-- Short descriptive text snippets --
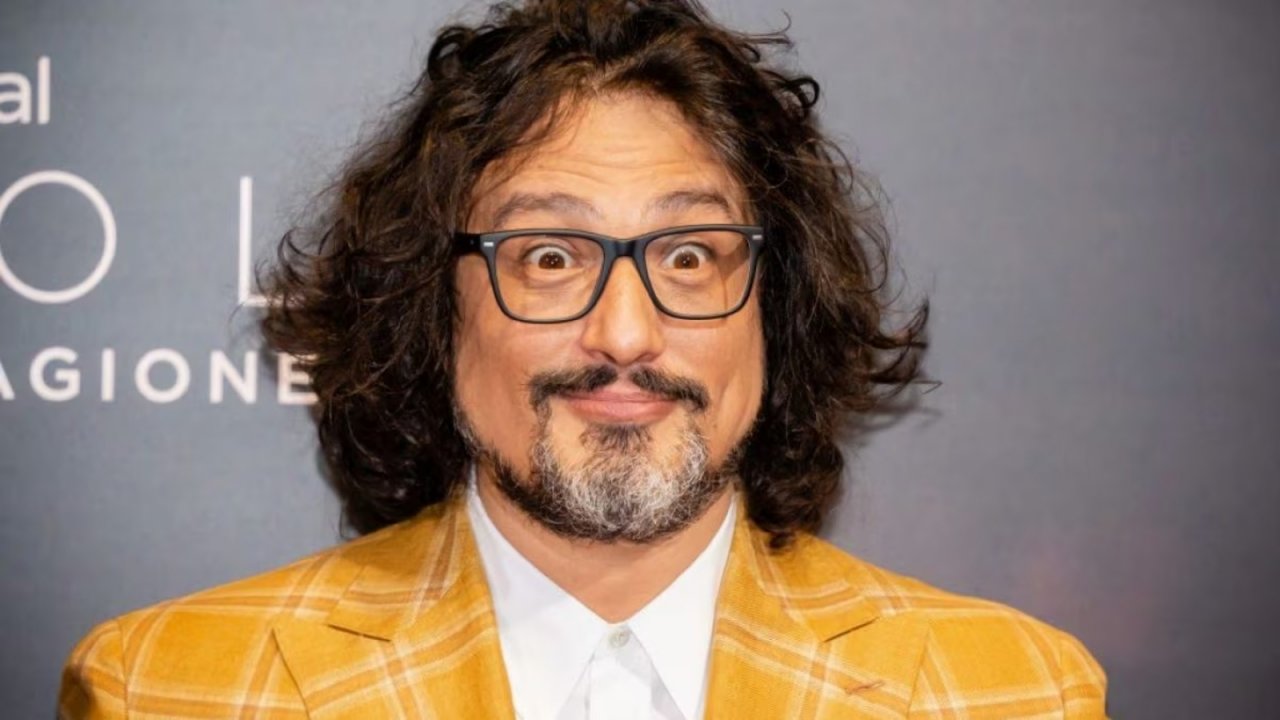 Alessandro Borghese ha vomitato in una puntata di 4 Ristoranti per il sapore terribile di un piatto sardo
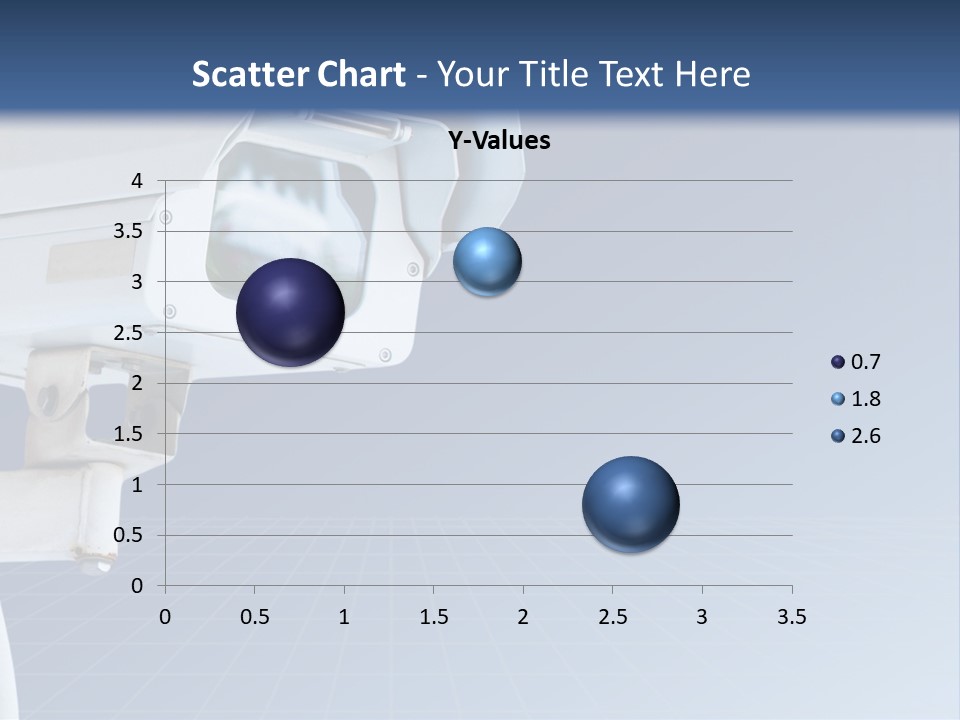 Sunshine Light Retro PowerPoint Template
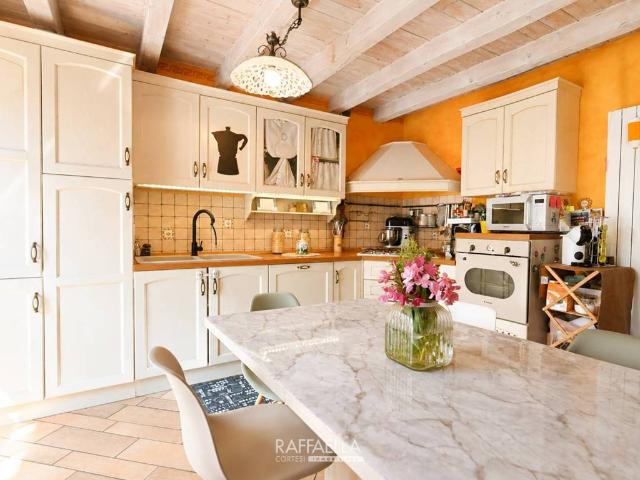 Appartamento in vendita a Ranzanico BG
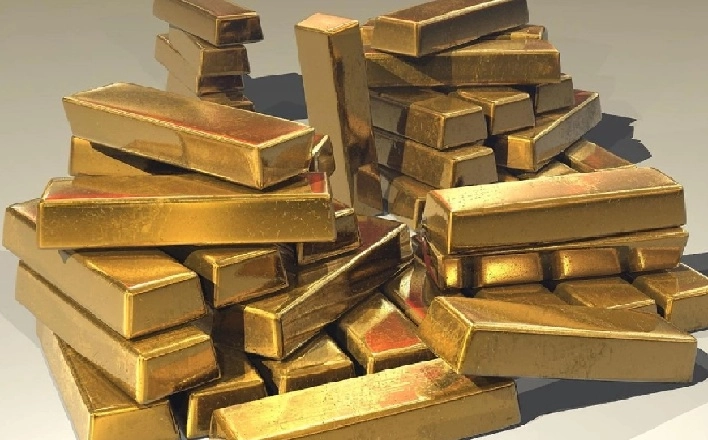 Gold rates in Pakistan today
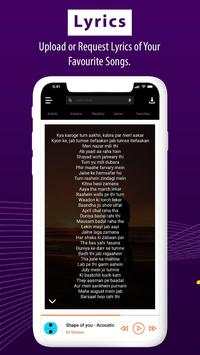 Music Player screenshot 7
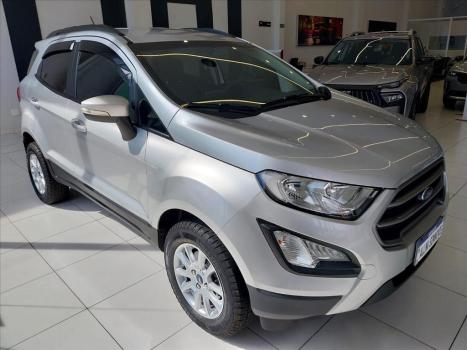 FORD Ecosport 1.5 12V 4P TI-VCT FLEX FREESTYLE, Foto 2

-- Task instructions --
Retype each line above precisely, please. Skip anything that is a picture.

-- Answer space --
 Alessandro Borghese ha vomitato in una puntata di 4 Ristoranti per il sapore terribile di un piatto sardo
 Sunshine Light Retro PowerPoint Template
 Appartamento in vendita a Ranzanico BG
 Gold rates in Pakistan today
 Music Player screenshot 7
 FORD Ecosport 1.5 12V 4P TI-VCT FLEX FREESTYLE, Foto 2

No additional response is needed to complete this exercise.